Conduire ou choisir : il faut boire ! déclare la Prévention routière, toujours pleine de sollicitude. Je choisis d’en finir.
— Silvertown, vous êtes une fabuleuse ordure ! Un grand seigneur du crime, mais je vous tiens ! Vous avez fait tuer mon oncle Thomas Dugadin dans des circonstances atroces. Votre deuxième tueur a grièvement blessé mes meilleurs inspecteurs. Il m’a sérieusement blessé moi-même. Il a salement tué une demi-douzaine de personnes avec des méthodes dont la barbarie flanquerait la gerbe à des tortionnaires cambodgiens. Il a semé l’horreur sur son passage, humiliant et terrorisant femmes et enfants. Seulement c’est terminé. Vous êtes en mon pouvoir. J’ai votre destin entre mes mains. Et il est inutile de me dépêcher un nouvel ange de la mort : ce n’est plus un simple quidam qui détient la statuette, mais une institution composée de milliers de flics. Préparez-vous à suivre mes directives. Je vous appellerai lorsque je le jugerai utile pour vous les donner ! Salut !
Ne regrette pas l’argent
que tu as consacré à l’achat de ce livre
Une pute t’aurait coûté infiniment plus cher,
ton plaisir aurait été infiniment plus bref
et avec ton manque de bol coutumier
tu aurais attrapé la vérole ou le sida ;
alors agenouille-toi et crie :
« Merci, San-Antonio ! »
Elle est adorable, Ramadé. Un peu grassouillette, avec le cul comme un compteur à gaz d’avant-guerre, mais ce qu’elle a de hautement désastreux, c’est son parfum. Côté patchouli, mon pote, t’es servi ! Renifle un grand coup et t’en auras pour ton week-end ! Moi qui suis allergique aux parfums, je trémousse des narines dans cette ambulance qui remonte mes chers amis blessés sur Pantruche.

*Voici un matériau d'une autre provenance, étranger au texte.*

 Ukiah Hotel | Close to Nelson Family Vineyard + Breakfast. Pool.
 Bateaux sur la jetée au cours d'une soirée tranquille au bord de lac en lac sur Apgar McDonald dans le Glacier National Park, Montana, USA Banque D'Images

On a affrété la toute grande tire ricaine. A gauche la civière de M. Blanc, à droite celle de Béru. Au centre deux sièges l’un derrière l’autre. Ramadé est placée devant moi. Je mate sans convoitise aucune ses miches débordantes. Pas seulement compteur à gaz ancien modèle, ça fait aussi comme un grand sac tyrolien qui lui aurait glissé du dos. Toujours est-il qu’elle te me les a sauvés de première, mes équipiers, la fille du grand sorcier gourou, avec ses remèdes perlimpinpins. Les voilà hors d’eau, les braves. En pleine cicatrisation, leur sève surchoix faisant le reste.
Ramadé, y a pas que l’odeur : elle chante, en plus ! Une mélopée très nasillarde. Elle fait comme ça, interminablement :
— Okoubé okoulala, okoubé okoulala, président Mitterrand, flagada. Okoubé okoulala, okoubé okoulala, Jacques Chirac tagada.
D’où j’induis qu’il s’agit d’une mélopée politique.
Bérurier ouvre un œil bordé de mayonnaise et me visionne. Un peu pâlot, le frelot. Ne reste de sa trogne violine qu’une trame bleue, semblable à une toile d’araignée étalée sur sa large face.